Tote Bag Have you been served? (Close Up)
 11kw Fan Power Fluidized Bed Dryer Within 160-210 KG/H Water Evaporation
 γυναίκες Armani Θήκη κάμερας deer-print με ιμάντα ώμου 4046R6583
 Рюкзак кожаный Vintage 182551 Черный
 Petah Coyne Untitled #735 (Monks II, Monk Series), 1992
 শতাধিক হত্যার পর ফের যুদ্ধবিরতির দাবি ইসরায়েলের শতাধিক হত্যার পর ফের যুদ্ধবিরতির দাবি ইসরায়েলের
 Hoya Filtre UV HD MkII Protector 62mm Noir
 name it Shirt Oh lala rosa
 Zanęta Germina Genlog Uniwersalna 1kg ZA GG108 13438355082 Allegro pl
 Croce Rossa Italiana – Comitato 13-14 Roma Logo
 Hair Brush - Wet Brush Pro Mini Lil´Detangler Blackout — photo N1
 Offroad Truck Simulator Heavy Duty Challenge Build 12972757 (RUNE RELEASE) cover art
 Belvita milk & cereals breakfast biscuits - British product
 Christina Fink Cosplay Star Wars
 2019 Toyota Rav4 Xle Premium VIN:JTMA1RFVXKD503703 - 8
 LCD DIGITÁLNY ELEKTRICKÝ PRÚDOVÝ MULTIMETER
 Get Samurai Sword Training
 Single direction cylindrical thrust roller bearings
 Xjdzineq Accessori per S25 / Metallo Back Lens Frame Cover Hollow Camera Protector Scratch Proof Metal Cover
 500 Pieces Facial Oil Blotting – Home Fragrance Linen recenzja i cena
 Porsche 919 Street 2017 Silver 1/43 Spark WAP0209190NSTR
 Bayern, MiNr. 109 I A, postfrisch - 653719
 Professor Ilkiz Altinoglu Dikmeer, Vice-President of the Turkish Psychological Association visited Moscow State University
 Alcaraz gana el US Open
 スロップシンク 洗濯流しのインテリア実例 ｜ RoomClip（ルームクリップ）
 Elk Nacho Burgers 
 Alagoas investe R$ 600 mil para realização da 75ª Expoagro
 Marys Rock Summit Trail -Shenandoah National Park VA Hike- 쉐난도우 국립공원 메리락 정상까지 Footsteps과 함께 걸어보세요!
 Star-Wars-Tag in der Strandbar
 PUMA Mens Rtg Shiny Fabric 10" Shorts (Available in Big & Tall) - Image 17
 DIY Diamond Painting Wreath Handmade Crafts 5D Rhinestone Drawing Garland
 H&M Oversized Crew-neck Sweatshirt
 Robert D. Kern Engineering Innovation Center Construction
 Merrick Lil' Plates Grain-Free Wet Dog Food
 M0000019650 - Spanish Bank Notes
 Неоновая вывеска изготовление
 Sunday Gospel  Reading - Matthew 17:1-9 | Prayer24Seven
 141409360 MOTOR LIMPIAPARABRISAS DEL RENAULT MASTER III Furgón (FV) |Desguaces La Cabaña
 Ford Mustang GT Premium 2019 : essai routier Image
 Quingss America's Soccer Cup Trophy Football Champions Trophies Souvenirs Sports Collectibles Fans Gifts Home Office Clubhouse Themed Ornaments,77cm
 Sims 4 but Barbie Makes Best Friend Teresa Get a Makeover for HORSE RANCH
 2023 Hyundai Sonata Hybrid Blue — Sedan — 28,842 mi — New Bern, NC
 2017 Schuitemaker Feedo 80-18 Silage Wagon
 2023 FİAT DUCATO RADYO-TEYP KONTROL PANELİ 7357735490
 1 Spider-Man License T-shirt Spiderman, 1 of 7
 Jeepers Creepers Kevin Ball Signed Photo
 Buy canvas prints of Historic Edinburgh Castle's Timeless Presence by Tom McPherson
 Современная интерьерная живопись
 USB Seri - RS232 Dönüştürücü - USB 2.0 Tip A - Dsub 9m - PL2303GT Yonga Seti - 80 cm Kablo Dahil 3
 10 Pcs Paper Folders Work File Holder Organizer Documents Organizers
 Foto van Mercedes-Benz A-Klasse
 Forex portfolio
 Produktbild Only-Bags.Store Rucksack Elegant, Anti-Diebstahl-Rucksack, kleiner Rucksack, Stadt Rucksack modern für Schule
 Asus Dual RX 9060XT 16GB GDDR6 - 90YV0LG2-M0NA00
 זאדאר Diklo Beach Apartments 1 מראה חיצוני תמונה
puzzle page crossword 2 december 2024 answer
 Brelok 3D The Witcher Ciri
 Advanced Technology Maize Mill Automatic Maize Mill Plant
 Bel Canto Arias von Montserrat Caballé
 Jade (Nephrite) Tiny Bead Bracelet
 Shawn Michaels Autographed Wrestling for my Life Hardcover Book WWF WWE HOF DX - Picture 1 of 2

========================================================================

▸ **TASK PROMPT**
Repeat the whole of the data verbatim, as it reads above.

▸ **SOLUTION TO THIS PROBLEM**
Tote Bag Have you been served? (Close Up)
 11kw Fan Power Fluidized Bed Dryer Within 160-210 KG/H Water Evaporation
 γυναίκες Armani Θήκη κάμερας deer-print με ιμάντα ώμου 4046R6583
 Рюкзак кожаный Vintage 182551 Черный
 Petah Coyne Untitled #735 (Monks II, Monk Series), 1992
 শতাধিক হত্যার পর ফের যুদ্ধবিরতির দাবি ইসরায়েলের শতাধিক হত্যার পর ফের যুদ্ধবিরতির দাবি ইসরায়েলের
 Hoya Filtre UV HD MkII Protector 62mm Noir
 name it Shirt Oh lala rosa
 Zanęta Germina Genlog Uniwersalna 1kg ZA GG108 13438355082 Allegro pl
 Croce Rossa Italiana – Comitato 13-14 Roma Logo
 Hair Brush - Wet Brush Pro Mini Lil´Detangler Blackout — photo N1
 Offroad Truck Simulator Heavy Duty Challenge Build 12972757 (RUNE RELEASE) cover art
 Belvita milk & cereals breakfast biscuits - British product
 Christina Fink Cosplay Star Wars
 2019 Toyota Rav4 Xle Premium VIN:JTMA1RFVXKD503703 - 8
 LCD DIGITÁLNY ELEKTRICKÝ PRÚDOVÝ MULTIMETER
 Get Samurai Sword Training
 Single direction cylindrical thrust roller bearings
 Xjdzineq Accessori per S25 / Metallo Back Lens Frame Cover Hollow Camera Protector Scratch Proof Metal Cover
 500 Pieces Facial Oil Blotting – Home Fragrance Linen recenzja i cena
 Porsche 919 Street 2017 Silver 1/43 Spark WAP0209190NSTR
 Bayern, MiNr. 109 I A, postfrisch - 653719
 Professor Ilkiz Altinoglu Dikmeer, Vice-President of the Turkish Psychological Association visited Moscow State University
 Alcaraz gana el US Open
 スロップシンク 洗濯流しのインテリア実例 ｜ RoomClip（ルームクリップ）
 Elk Nacho Burgers 
 Alagoas investe R$ 600 mil para realização da 75ª Expoagro
 Marys Rock Summit Trail -Shenandoah National Park VA Hike- 쉐난도우 국립공원 메리락 정상까지 Footsteps과 함께 걸어보세요!
 Star-Wars-Tag in der Strandbar
 PUMA Mens Rtg Shiny Fabric 10" Shorts (Available in Big & Tall) - Image 17
 DIY Diamond Painting Wreath Handmade Crafts 5D Rhinestone Drawing Garland
 H&M Oversized Crew-neck Sweatshirt
 Robert D. Kern Engineering Innovation Center Construction
 Merrick Lil' Plates Grain-Free Wet Dog Food
 M0000019650 - Spanish Bank Notes
 Неоновая вывеска изготовление
 Sunday Gospel  Reading - Matthew 17:1-9 | Prayer24Seven
 141409360 MOTOR LIMPIAPARABRISAS DEL RENAULT MASTER III Furgón (FV) |Desguaces La Cabaña
 Ford Mustang GT Premium 2019 : essai routier Image
 Quingss America's Soccer Cup Trophy Football Champions Trophies Souvenirs Sports Collectibles Fans Gifts Home Office Clubhouse Themed Ornaments,77cm
 Sims 4 but Barbie Makes Best Friend Teresa Get a Makeover for HORSE RANCH
 2023 Hyundai Sonata Hybrid Blue — Sedan — 28,842 mi — New Bern, NC
 2017 Schuitemaker Feedo 80-18 Silage Wagon
 2023 FİAT DUCATO RADYO-TEYP KONTROL PANELİ 7357735490
 1 Spider-Man License T-shirt Spiderman, 1 of 7
 Jeepers Creepers Kevin Ball Signed Photo
 Buy canvas prints of Historic Edinburgh Castle's Timeless Presence by Tom McPherson
 Современная интерьерная живопись
 USB Seri - RS232 Dönüştürücü - USB 2.0 Tip A - Dsub 9m - PL2303GT Yonga Seti - 80 cm Kablo Dahil 3
 10 Pcs Paper Folders Work File Holder Organizer Documents Organizers
 Foto van Mercedes-Benz A-Klasse
 Forex portfolio
 Produktbild Only-Bags.Store Rucksack Elegant, Anti-Diebstahl-Rucksack, kleiner Rucksack, Stadt Rucksack modern für Schule
 Asus Dual RX 9060XT 16GB GDDR6 - 90YV0LG2-M0NA00
 זאדאר Diklo Beach Apartments 1 מראה חיצוני תמונה
puzzle page crossword 2 december 2024 answer
 Brelok 3D The Witcher Ciri
 Advanced Technology Maize Mill Automatic Maize Mill Plant
 Bel Canto Arias von Montserrat Caballé
 Jade (Nephrite) Tiny Bead Bracelet
 Shawn Michaels Autographed Wrestling for my Life Hardcover Book WWF WWE HOF DX - Picture 1 of 2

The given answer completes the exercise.